One of Thibodeau’s former players outlined the coach’s philosophy regarding rookies and playing time.

“He’s going to take the Gregg Popovich approach which is he doesn’t really gift minutes. If you get drafted by the Spurs, you earn every second out there,” Brian Scalabrine said. “And he’ll be quick to put an undrafted guy ahead of you if you ain’t doing the right stuff. Thibodeau’s the same way. You have to go out there and earn your minutes and you have a short leash as a young player.”

As the Daily News reported, Thibodeau was pushing win-now moves ahead of the offseason. The result was a very promising and somewhat polished draft pick in Obi Toppin, and an underwhelming free agency. Leon Rose, the novice team president and former agent, has adopted the posture of endurance over immediate upgrades, using cap space to accumulate stopgaps and future second-round picks.
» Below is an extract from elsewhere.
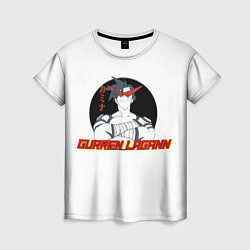Женская футболка Камина Гуррен Лаганн
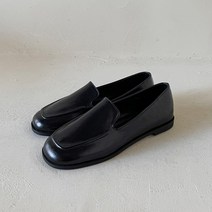 슈가펀 여성용 로딩 라운드 스퀘어 모던 로퍼 1cm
Rose passed on a Chris Paul trade. He protected cap flexibility. He set up an environment for youth and mistakes. Russell Westbrook still looms as a possibility but that saga is more likely to drag until the trade deadline. We’ve always felt Indiana’s Victor Oladipo is the better play for the Knicks, and there are issues inside the Pacers locker room that can’t sustain much losing. Team management met with Oladipo and his agent before the draft, according to a source, and thus far the public message is that he’s committed to the Pacers.

The Knicks, meanwhile, are positioned with assets but projected by Vegas bookmakers as the league’s worst team.
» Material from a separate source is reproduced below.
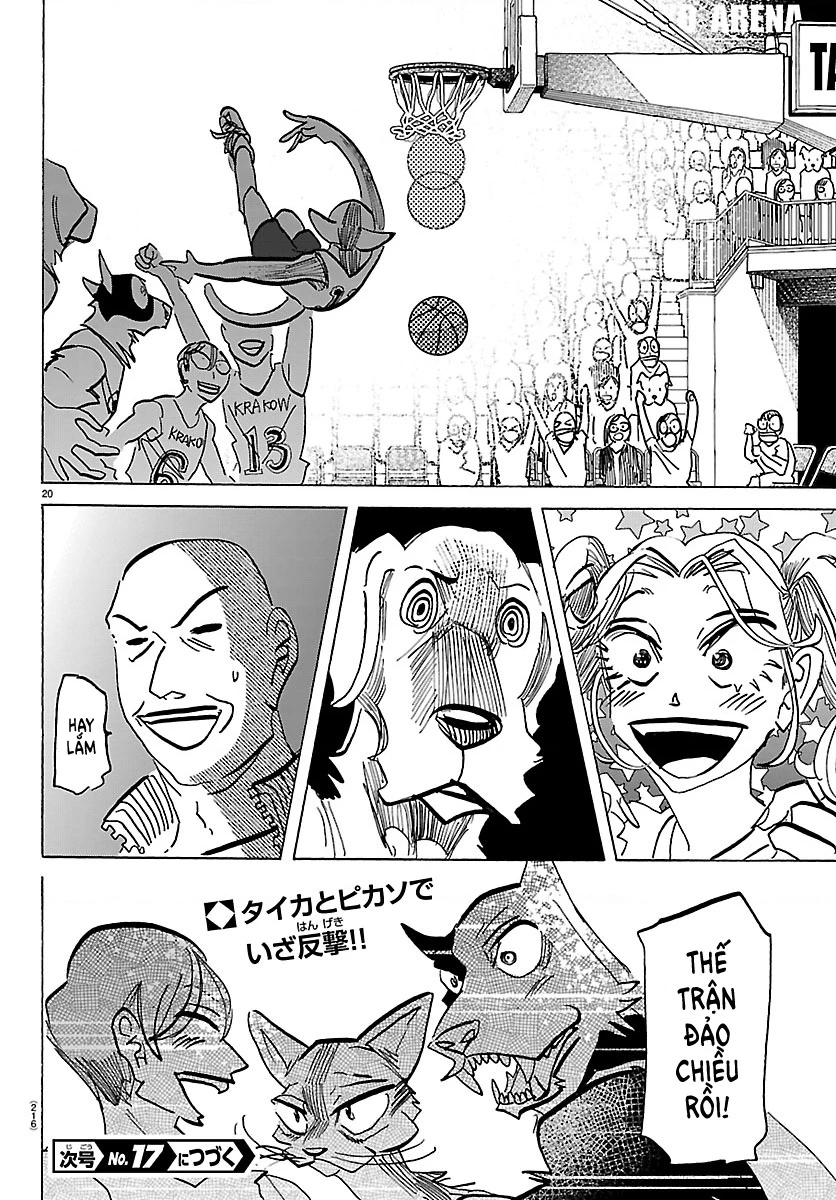 Lý Trí Của Taika Chapter 58 - 18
Although Rose’s logic is easy to follow, there’s a misconception floating around about his strategy being unique to the franchise. “Building sustained success” and “Building the right way” are old mottos at this point. Knicks fans are understandably traumatized by the short-sighted mistakes of Isiah Thomas and James Dolan, but the team hasn’t traded a first-round pick since 2013. They’ve used five lottery picks in the last six years. Steve Mills constructed his message around patience, and it all blew up because of the losing — because Kevin Durant and Kyrie Irving didn’t want to join a bad team; and Kristaps Porzingis didn’t want to dedicate his prime to the defeats.

Losing is a vicious cycle.

Which brings us to Thibodeau. He’s a NASCAR driver given a Kia Sedona. How he handles the slow lane will be an intriguing storyline all season.